One-Child Policy Should be a "Planetary Law"

It is coldly ironic that in the Christmas season, the time in which the world marks the Incarnation of Jesus Christ and therefore, the season in which the world should also mark the wondrous miracle that is every human birth, Canada's leading newspaper publishes a story which not only endorses Communist China's coercive "one-child" policy, but argues that such a scientifically unsubstantiated and inhumane policy be adopted by the whole world!

Lord help us.

Diane Francis is the writer of the National Post piece published in its Financial section. And, as you'll see from the paragraphs I excerpt below, the woman is unhinged. She clearly doesn't care about demographic realities, the green revolution, the differences between overpopulation and overcrowding, etc. She only knows she wants less people around, even if it takes a draconian "planetary law" to get it done.

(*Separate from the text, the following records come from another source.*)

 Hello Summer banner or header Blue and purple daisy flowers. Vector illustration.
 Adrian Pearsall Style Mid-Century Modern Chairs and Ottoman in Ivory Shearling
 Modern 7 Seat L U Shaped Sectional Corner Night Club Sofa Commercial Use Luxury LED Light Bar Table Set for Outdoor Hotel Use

And, of course, true to the type, Ms. Francis doesn't offer up her own space on the planet. Like the dolt who tailgates you on the highway, she just wants everybody out of her way. (Note -- Ms. Francis has two children herself. I wonder which one will have to go.)

The "inconvenient truth" overhanging the UN's Copenhagen conference is not that the climate is warming or cooling, but that humans are overpopulating the world.

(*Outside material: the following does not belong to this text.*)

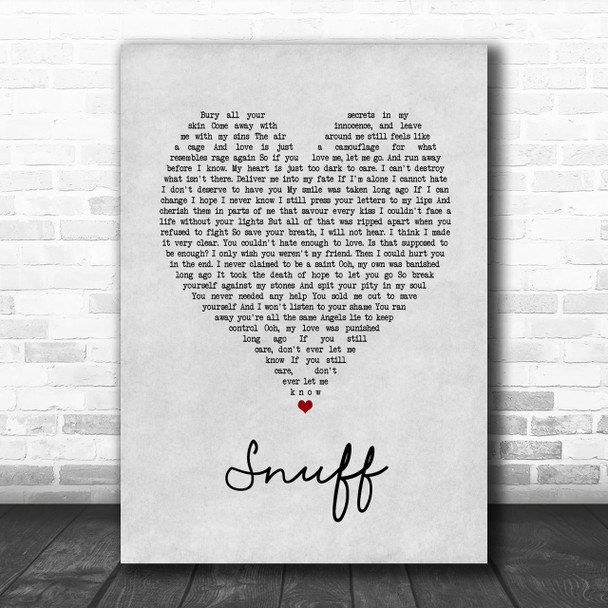 Slipknot Snuff Grey Heart Song Lyric Music Wall Art Print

A planetary law, such as China's one-child policy, is the only way to reverse the disastrous global birthrate currently, which is one million births every four days.


The world's other species, vegetation, resources, oceans, arable land, water supplies and atmosphere are being destroyed and pushed out of existence as a result of humanity's soaring reproduction rate...


The fix is simple. It's dramatic. And yet the world's leaders don't even have this on their agenda in Copenhagen. Instead there will be photo ops, posturing, optics, blah-blah-blah about climate science and climate fraud, announcements of giant wind farms, then cap-and-trade subsidies.


None will work unless a China one-child policy is imposed. Unfortunately, there are powerful opponents. Leaders of the world's big fundamentalist religions preach in favor of procreation and fiercely oppose birth control. And most political leaders in emerging economies perpetuate a disastrous Catch-22: Many children (i. e. sons) stave off hardship in the absence of a social safety net or economic development, which, in turn, prevents protections or development...


For those who balk at the notion that governments should control family sizes, just wait until the growing human population turns twice as much pastureland into desert as is now the case, or when the Amazon is gone, the elephants disappear for good and wars erupt over water, scarce resources and spatial needs.


The point is that Copenhagen's talking points are beside the point.